3.4 Clinical benefit of the nomogram

Decision curve analysis (DCA) was used to evaluate the clinical utility of the model, and the results are depicted in Figure 3D. As per the decision curve, if a specific patient’s threshold probability is >0, utilizing the nomogram for predicting malnutrition yields more benefits than treating all patients or adopting no treatment plan. Furthermore, when compared to single indicators such as BMI, HGS, FFM, MUAC, and albumin for diagnosis, the nomogram offers greater utility across all threshold probability values. The findings suggest that, with GLIM as the diagnostic gold standard, the nomogram model demonstrates noteworthy clinical utility in diagnosing malnutrition among older adult HF patients.

4 Discussion

The analysis of disease risk factors and the establishment of corresponding prediction models provide new insights for disease prevention and management (18–20). In this study, the GLIM criteria were employed to diagnose malnutrition in older adult HF patients. The findings revealed that BMI, HGS, FFM, MUAC, and serum albumin levels are significant independent risk factors for malnutrition in this population. We established a nomogram prediction model using these 5 independent risk factors as predictive indicators for diagnosing malnutrition in older adult HF patients, and confirmed that this is a simple, rapid, and accurate method for diagnosing malnutrition specifically in older adult HF patients.

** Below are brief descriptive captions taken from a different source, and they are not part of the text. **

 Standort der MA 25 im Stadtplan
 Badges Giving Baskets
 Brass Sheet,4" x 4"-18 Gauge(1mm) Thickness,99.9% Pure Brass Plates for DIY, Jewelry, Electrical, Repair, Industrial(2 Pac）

4.1 The incidence rate of malnutrition

Currently, there is no standardized method for diagnosing malnutrition in older adult heart failure patients (3). Using diverse risk screening tools instead of relying on consensus diagnostic criteria can potentially result in misdiagnosis and complicate the assessment of whether patients would benefit from nutritional intervention (21). The GLIM criteria amalgamate evidence and expert opinions from the prominent enteral and parenteral nutrition societies worldwide, including those from Europe, America, Asia, and Latin America (8). The effectiveness of diagnosing malnutrition is gradually being validated in various diseases, with the potential to become the global standard for malnutrition diagnosis. In this study, according to the GLIM criteria, the prevalence of malnutrition among older adult HF patients was 33.1% in the primary cohort and 32.4% in the validation cohort, consistent with prior research findings (12, 22).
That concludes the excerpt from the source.